**Work required**
From the entries below, return only the lines starting at the one that contains "Atiq ur Rehman/Gulf News" and ending at the one that contains "LEGO® Star Wars™ Лого на Star Wars 75407", exactly as they stand.

**Extracted material**
○ ○ ○ ○ ○

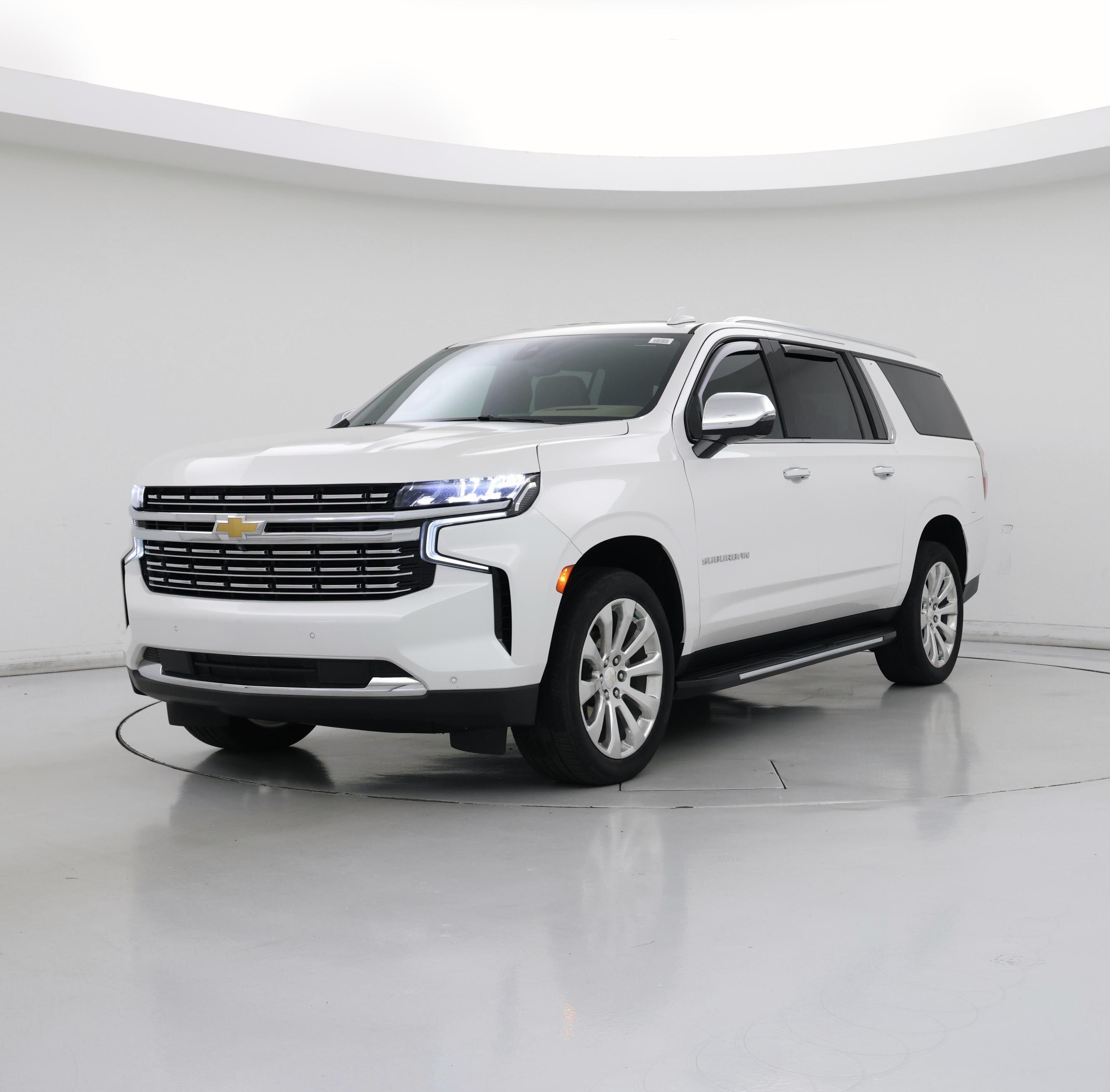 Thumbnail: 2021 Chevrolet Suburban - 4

○ ○ ○ ○ ○

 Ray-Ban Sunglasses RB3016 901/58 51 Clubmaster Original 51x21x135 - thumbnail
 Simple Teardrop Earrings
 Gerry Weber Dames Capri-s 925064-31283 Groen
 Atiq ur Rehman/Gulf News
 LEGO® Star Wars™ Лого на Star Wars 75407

○ ○ ○ ○ ○

**Response to this task**
 Atiq ur Rehman/Gulf News
 LEGO® Star Wars™ Лого на Star Wars 75407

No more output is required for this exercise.